◆ **WORK TO COMPLETE**: Across the data, every line with the word "Medium" counts once; state the total alone.

(Stored items from a collection)
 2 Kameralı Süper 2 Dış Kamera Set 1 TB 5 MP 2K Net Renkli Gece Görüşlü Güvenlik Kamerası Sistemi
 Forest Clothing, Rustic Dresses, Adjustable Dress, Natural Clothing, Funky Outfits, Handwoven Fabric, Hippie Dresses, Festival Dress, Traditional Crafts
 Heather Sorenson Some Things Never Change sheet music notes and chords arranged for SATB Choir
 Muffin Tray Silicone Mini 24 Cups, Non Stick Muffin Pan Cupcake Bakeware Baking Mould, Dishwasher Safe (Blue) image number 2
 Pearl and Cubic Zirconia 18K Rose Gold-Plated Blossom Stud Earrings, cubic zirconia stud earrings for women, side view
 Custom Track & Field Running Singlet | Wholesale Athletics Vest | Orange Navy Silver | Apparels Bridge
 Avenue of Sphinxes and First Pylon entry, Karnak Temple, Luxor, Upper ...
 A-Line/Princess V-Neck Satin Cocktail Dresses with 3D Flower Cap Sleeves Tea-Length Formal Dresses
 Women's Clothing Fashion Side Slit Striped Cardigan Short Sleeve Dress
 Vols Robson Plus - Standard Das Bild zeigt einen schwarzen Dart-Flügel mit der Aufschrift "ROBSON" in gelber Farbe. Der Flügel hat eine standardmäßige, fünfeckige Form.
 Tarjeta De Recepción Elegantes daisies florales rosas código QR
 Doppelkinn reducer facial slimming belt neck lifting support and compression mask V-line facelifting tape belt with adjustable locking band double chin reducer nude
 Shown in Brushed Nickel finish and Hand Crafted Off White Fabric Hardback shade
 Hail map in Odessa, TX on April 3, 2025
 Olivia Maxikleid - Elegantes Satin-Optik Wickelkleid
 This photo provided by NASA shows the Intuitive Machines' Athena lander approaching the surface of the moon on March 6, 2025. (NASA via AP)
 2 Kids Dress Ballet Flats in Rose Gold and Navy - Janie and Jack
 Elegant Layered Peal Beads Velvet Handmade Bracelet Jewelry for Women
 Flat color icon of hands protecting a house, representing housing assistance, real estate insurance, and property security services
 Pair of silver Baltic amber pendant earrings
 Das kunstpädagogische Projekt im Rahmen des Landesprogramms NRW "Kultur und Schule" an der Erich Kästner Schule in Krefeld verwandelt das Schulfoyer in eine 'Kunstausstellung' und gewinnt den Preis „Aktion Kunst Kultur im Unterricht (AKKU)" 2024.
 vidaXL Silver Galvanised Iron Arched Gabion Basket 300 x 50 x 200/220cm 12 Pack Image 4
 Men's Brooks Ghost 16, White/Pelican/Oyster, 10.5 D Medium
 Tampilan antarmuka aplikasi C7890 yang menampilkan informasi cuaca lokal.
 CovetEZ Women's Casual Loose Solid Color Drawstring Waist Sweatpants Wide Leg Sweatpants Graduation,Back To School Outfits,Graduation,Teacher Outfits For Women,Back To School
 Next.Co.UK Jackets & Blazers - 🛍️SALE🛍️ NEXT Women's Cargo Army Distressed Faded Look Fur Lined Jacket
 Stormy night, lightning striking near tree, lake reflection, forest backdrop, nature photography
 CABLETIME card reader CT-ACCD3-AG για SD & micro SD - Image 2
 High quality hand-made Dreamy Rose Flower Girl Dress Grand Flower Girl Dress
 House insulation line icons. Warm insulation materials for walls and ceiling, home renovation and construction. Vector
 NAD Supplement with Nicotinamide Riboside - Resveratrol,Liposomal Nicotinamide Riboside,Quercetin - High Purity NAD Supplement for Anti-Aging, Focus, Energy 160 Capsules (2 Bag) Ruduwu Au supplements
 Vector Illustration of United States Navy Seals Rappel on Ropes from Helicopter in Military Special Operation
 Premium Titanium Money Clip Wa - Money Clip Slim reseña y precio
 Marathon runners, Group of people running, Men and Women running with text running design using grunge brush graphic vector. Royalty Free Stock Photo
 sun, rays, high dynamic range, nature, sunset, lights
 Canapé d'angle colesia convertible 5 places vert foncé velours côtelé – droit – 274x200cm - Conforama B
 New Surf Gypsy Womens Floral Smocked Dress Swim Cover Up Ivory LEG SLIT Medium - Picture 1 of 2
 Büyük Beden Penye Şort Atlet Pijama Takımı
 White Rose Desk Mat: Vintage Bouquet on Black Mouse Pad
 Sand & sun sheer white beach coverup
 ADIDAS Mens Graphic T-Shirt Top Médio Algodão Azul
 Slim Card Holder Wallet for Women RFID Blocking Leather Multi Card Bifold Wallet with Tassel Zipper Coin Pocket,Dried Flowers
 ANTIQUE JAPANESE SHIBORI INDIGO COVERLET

◆ **RESPONSE**: 2